*** DATA FOR THE TASK Section Begins ***

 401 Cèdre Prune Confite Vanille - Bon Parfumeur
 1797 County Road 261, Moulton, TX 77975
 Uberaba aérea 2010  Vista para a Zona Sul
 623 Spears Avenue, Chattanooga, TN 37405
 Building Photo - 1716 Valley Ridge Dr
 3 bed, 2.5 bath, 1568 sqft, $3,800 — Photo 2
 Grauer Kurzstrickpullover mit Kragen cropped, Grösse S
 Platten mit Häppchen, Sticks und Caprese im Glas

*** DATA FOR THE TASK Section Ends ***

Exactly reproduce all of the entries above.

YOUR RESPONSE:
 401 Cèdre Prune Confite Vanille - Bon Parfumeur
 1797 County Road 261, Moulton, TX 77975
 Uberaba aérea 2010  Vista para a Zona Sul
 623 Spears Avenue, Chattanooga, TN 37405
 Building Photo - 1716 Valley Ridge Dr
 3 bed, 2.5 bath, 1568 sqft, $3,800 — Photo 2
 Grauer Kurzstrickpullover mit Kragen cropped, Grösse S
 Platten mit Häppchen, Sticks und Caprese im Glas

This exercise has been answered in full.